A solid follow-up to horror anthology Three features segments by Park Chan-wook, Takashi Miike and Fruit Chan…
From the producers that brought us Three comes another trio of horror stories by well known Asian directors, this time featuring Fruit Chan, Park Chan-wook and the irrepressible Takashi Miike. Interweaving throughout out the tales is the subject of performance, both in front an audience, and behind the camera.
In the first segment, we find a once famous actress Ching (Miriam Yeung) in search of Aunt Mei (Bai Ling), whose tasty(?) treats – dumplings made from foetus – contain the secret of youth. But as she grows impatient for results, just how far is she willing to go, and at what price?
Fruit Chan’s ‘Dumplings’, originally released as a feature length film itself, fares badly wedged in to a half hour time slot. If the original didn’t quite fulfil the potential born out of it’s themes – the desperate clambering for youth in modern culture, the westernisation of this aspiration, the satiric comment that this elixir was mainly sourced from unwanted children in Mainland China (much of which still under one child rule) – then this version cuts that subtlety entirely. For instance, the growing friendship between the leads, despite their vastly different backgrounds, is lost entirely, as is much of Tony Leung’s role.
Perhaps the only saving grace is that this version differs from the original, winding in a whole new twist that, if anything, gives a far more satisfying (though incredulous) conclusion to the film. It’s shows us exactly how far Ching is willing to go to hold on to her youth.
In Park Chan-wook’s ‘Cut’ a successful director (Lee Byung-hun, My Bittersweet Life) gets on the wrong end of every directors worst nightmare, an extra with a grudge. In this case, it seems an extra’s (Won-hie Lim) only beef is that he seems too nice. He wakes to find his wife strung up like a puppet to a piano (in a gruesome manner, reminiscent of Dairo Argento) while having her fingers chopped off one by one, while attached to the wall by an oversized elastic band, his wife painfully just out of reach. How long will it be before the director shows us just how nasty he can be?

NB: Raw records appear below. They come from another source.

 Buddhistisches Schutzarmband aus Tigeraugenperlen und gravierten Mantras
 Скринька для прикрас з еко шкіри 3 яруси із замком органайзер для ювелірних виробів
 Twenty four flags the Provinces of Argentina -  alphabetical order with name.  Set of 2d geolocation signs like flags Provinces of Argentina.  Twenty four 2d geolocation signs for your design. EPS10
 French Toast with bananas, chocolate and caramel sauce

Chan-wook’s contribution pays knowing reference to his own success, making you wonder if this could be more than partly based on autobiographical experience. It displays the same streak of black humour that would later fill Lady Vengeance and I’m A Cyborg, Chan-wook’s film both amuses and repulses in equal measures. His intention seems, as with Sympathy For Mr Vengeance and Oldboy, to subvert the middle class, ‘nice’ lead and their world in comparison to those less fortunate, that somehow seemingly nice people can do (or can be made to do) some very nasty things.

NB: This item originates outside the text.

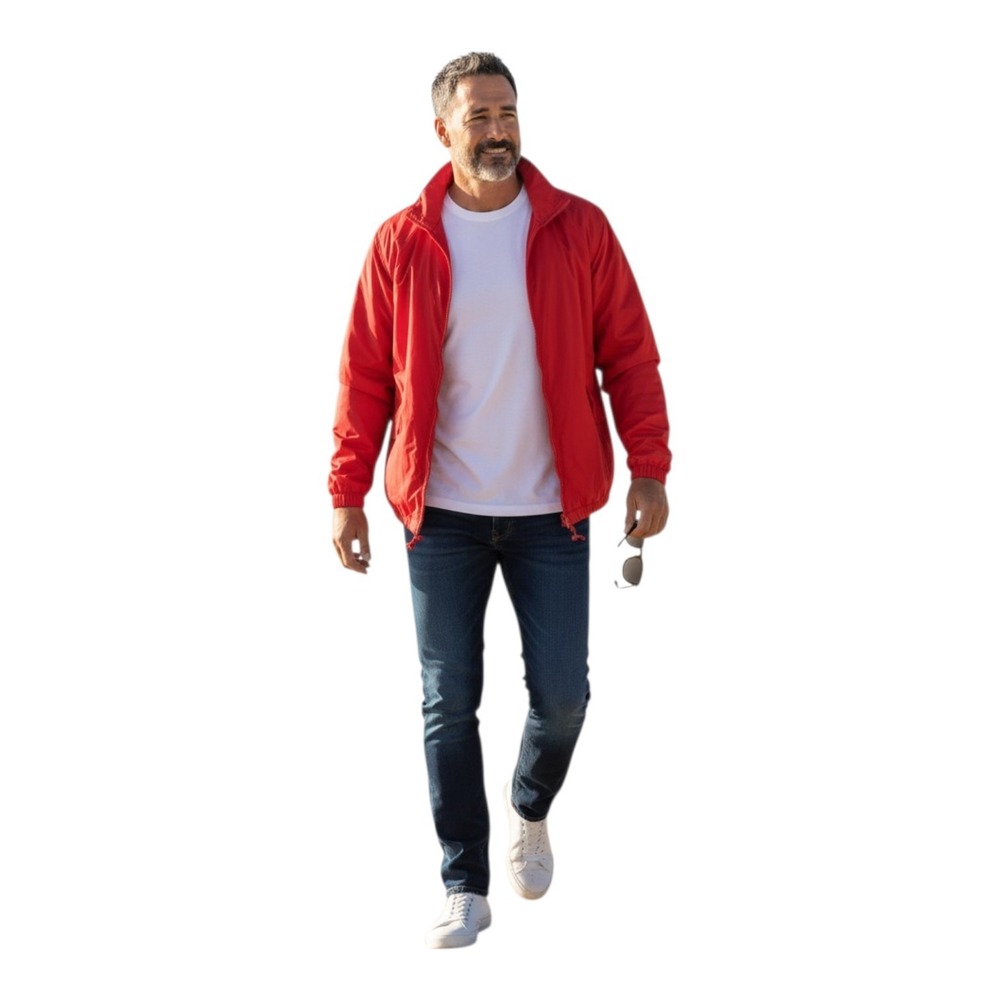 Back Bay Sailing Club Mens Medium Red Silk Nautical Beach Cruise Full Zip Jacket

A beautiful and impressively produced featurette, Chan-wook’s film is perhaps the most successful here.
Finally the notorious Takashi Miike gives us the final offering in the trilogy and perhaps the most unsettling – but not for the reasons you might expect from him.‘Box’ tells of a young author, Kyoko (Kyoko Hasegawa) plagued by nightmares of being buried alive, and seemingly repressed memories of performing with her deceased sister and father. Whether real or not they seem intent to break into her present life.
Surprisingly restrained for Miike, the segment slowly builds on it’s unsettling atmosphere without need of any real gore or cheap shocks. Indeed, it’s only the payoff to the story, with something of a laughable twist, that fails to convince.
If none of the stories quite achieve the heights of the original Three’s ‘Going Home’ segment, then combined they make a more impressive and undoubtedly worthy follow-up.
Home media details
Distributor: Tartan Asia Extreme (UK)
Good transfer of picture and sound, this DVD offers slim pickings in the way of extras, including a ‘Making of’ documentary.
This release misses out on the trick the US Lionsgate 2-disc DVD used, including the full-length version of Dumplings.